4. Il revient à la société requérante, qui soutient que le signataire de l'arrêté litigieux n'était pas compétent, d'apporter des éléments suffisamment précis susceptibles d'établir que le secrétaire général, le sous-préfet chargé de mission auprès du préfet et son directeur de cabinet n'étaient pas absents ou empêchés et non, comme elle le soutient, à l'administration d'établir que les titulaires d'une délégation de signature d'un rang supérieur à celui du signataire n'étaient pas disponibles le jour où a été pris l'arrêté contesté.
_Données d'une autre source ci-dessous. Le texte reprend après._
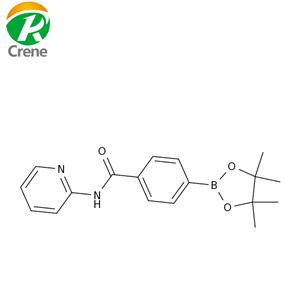 N-(吡啶-2-基)-4-(4,4,5,5-四甲基L-1,3,2-二氧硼戊环-2-基)本甲酰胺,Acalabrutinib Intermediate 2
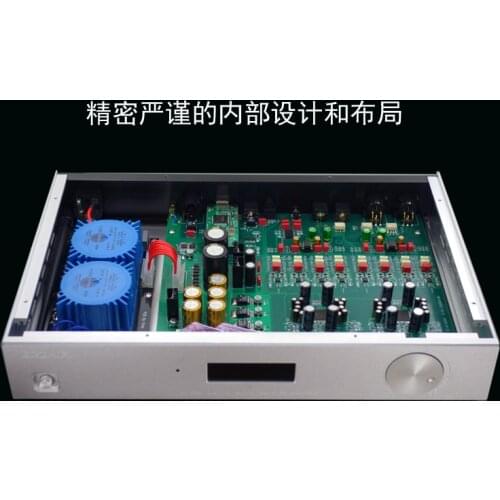 DC500 AK4499 dual-core decoder DAC fully balanced HIEND flagship Bluetooth LDAC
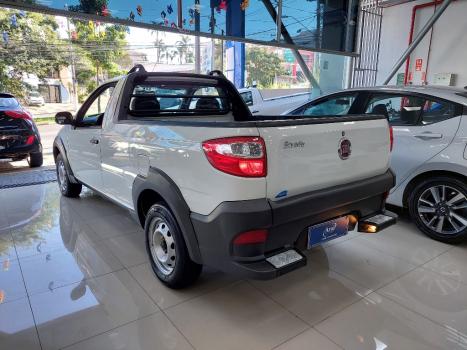 FIAT Strada 1.4 FLEX HARD WORKING CABINE SIMPLES, Foto 5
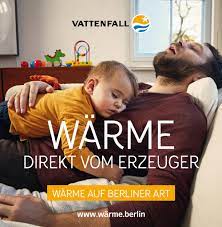 Vattenfall verwendet cookies von dritten auch für marketingzwecke, um ihnen unsere werbung (nur unsere) auf anderen relevanten websites in ihrem interesse zu zeigen. Vattenfall Kampagne Mit Amusanten Berlin Bildern Page Online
Ainsi, en se bornant à soutenir que l'administration n'apporte pas la preuve que le secrétaire général, le sous-préfet chargé de mission auprès du préfet et son directeur de cabinet n'étaient pas absents ou empêchés, la SARL " Domaine de la Palombière " ne conteste pas utilement la compétence du signataire de l'arrêté qu'elle conteste.
5. Si la SARL " Domaine de la Palombière " soutient que le maire de la commune de Saint-Jeannet et le préfet des Alpes-Maritimes ne pouvaient pas prononcer la fermeture de l'EHPAD dont elle assure la gestion en se fondant sur 9 nouvelles prescriptions figurant dans l'avis de la sous-commission départementale spécialisée pour la sécurité contre les risques d'incendie et de panique dans les établissements recevant du public du 17 août 2016 sans l'avoir mise préalablement en demeure de lever ces nouvelles prescriptions, il ressort des pièces du dossier que les prescriptions en cause - portant les numéros 5, 7, 8, 10, 13 à 16 et 20 - figuraient déjà dans les prescriptions générales et aux points 6 à 8, 13 à 15, 26, 36 et 43 du précédent avis du 20 juillet 2016. Par suite, le moyen tiré du vice de procédure doit être écarté.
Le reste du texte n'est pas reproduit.